Verify Lagrange’s mean value theorem for the following function on the indicated interval. In each case find a point $c$ in the indicated interval as stated by the Lagrange’s mean value theorem: $f(x) = (x - 1)(x - 2)(x - 3)$ on $\left[ {0,4} \right]$

Answer 1

Solution

Here we have to verify Lagrange’s mean value theorem (LMVT) for the given function $f(x)$ . Firstly we will check the continuity of the given function in a given interval and then we will check the differentiability of the given function in the given interval.
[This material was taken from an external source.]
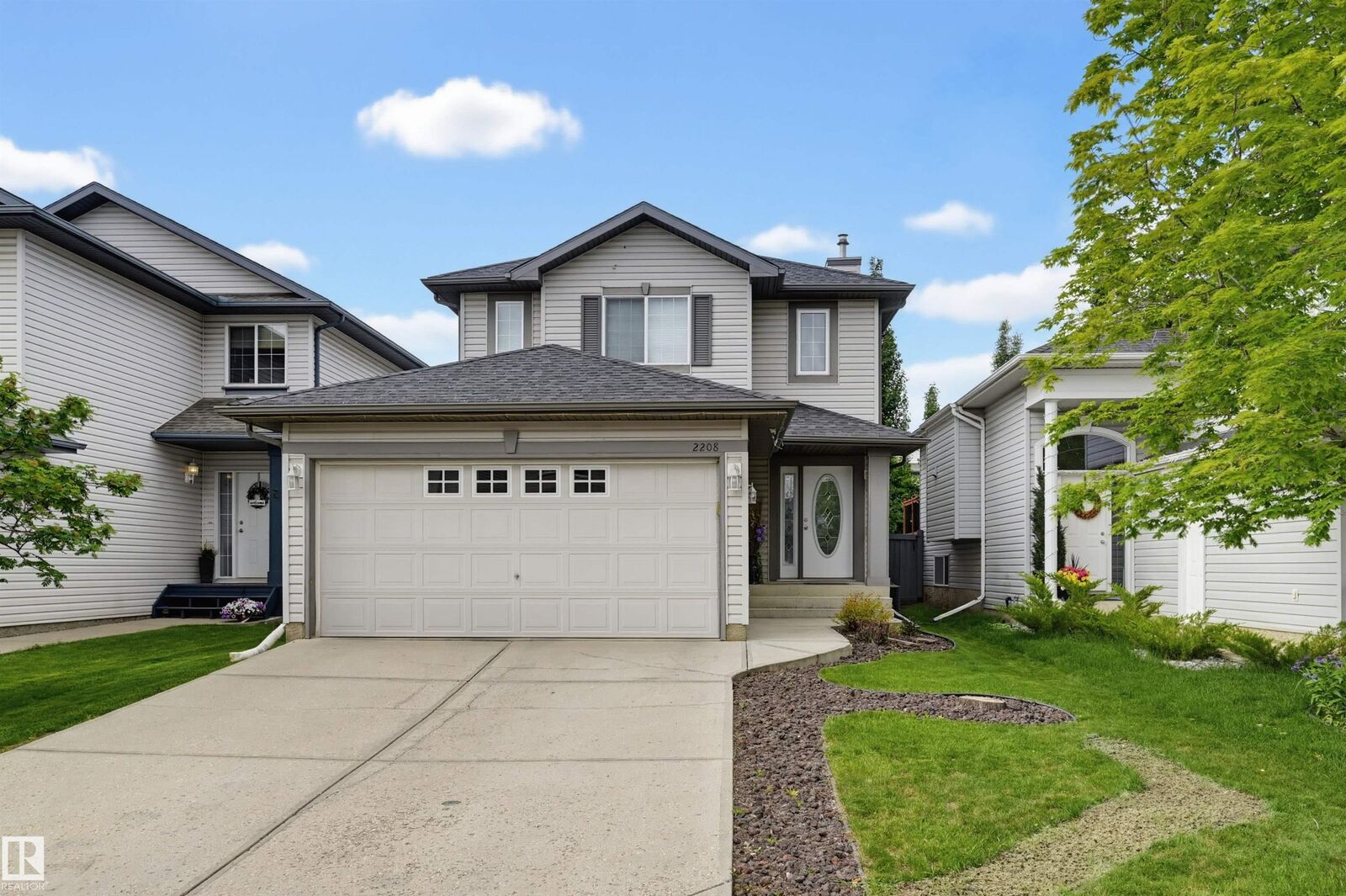 Photo de la propriété: 2208 Baker Close SW AB T6W 1G9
After that to find point $c$ , we will use the formula of LMVT and check if there exists a point $c$ such that the differentiation of point $c$ is equal to 0, where $c$ lies in the given interval.

Formula Used: We will use the formula, $f'(c) = \dfrac{{f(b) - f(a)}}{{b - a}}$ .

Complete step by step solution:
Lagrange’s mean value theorem states that if a function is continuous on close interval $\left[ {a,b} \right]$ and differentiable on open interval $\left( {a,b} \right)$ then there exists at least one point $c$ in the given interval such that $f'(c) = \dfrac{{f(b) - f(a)}}{{b - a}}$ .
We are given that, $f(x) = (x - 1)(x - 2)(x - 3)$ .
Here the given function $f(x)$ is continuous on $\left[ {0,4} \right]$ .
Now we know that the given function is a polynomial function thus it is differentiable on $\left[ {0,4} \right]$ .
Now to verify LMVT we have to find $c \in \left( {0,4} \right)$ such that $f'(c) = \dfrac{{f(4) - f(0)}}{{4 - 0}}$ .
Now, to find $f(4)$ we take $x = 4$ in the given function.
Therefore,
$f(4) = (4 - 1)(4 - 2)(4 - 3)$
Simplifying the terms, we get
$\Rightarrow f\left( 4 \right) = 6$
And to find $f(0)$ we take $x = 0$ in the given function
$f(0) = (0 - 1)(0 - 2)(0 - 3) = - 6$
Now we will differentiate the given function.
Therefore, by differentiating given function, we get,
$f'(x) = 3{x^2} - 12x + 11$
Substituting $x = c$ in above equation, we get
$\Rightarrow f'(c) = 3{c^2} - 12c + 11$
Now by putting all these values in the formula of LMVT, $f'(c) = \dfrac{{f(b) - f(a)}}{{b - a}}$ , we get
$f'(c) = \dfrac{{f(4) - f(0)}}{{4 - 0}}$
$\Rightarrow 3{c^2} - 12c + 11 = \dfrac{{6 - ( - 6)}}{4}$
Now , by solving it further, we get
$\Rightarrow 3{c^2} - 12c + 11 = 3$
Subtracting 3 from both sides, we get
$\Rightarrow 3{c^2} - 12c + 8 = 0$
The obtained equation is a quadratic equation.
Now by solving the above quadratic equation, we get
$c = \dfrac{{12 \pm \sqrt {144 - 96} }}{6}$
$\Rightarrow c = \dfrac{{12 \pm \sqrt {48} }}{6}$
By simplifying the equation further, we get
$\Rightarrow c = 2 \pm \dfrac{{2\sqrt 3 }}{3}$
$\Rightarrow c = 2 \pm \dfrac{2}{{\sqrt 3 }}$
Here both the values of $c$ lie between 0 and 4.
As $c$ lies between $\left[ {0,4} \right]$ , LMVT is verified.

Note:
Here both values of $c$ lie in the given interval but in other situations, we have to consider only those values of $c$ which lie in the given interval and all other values are rejected. At least one value of $c$ should be obtained otherwise LMVT is not verified.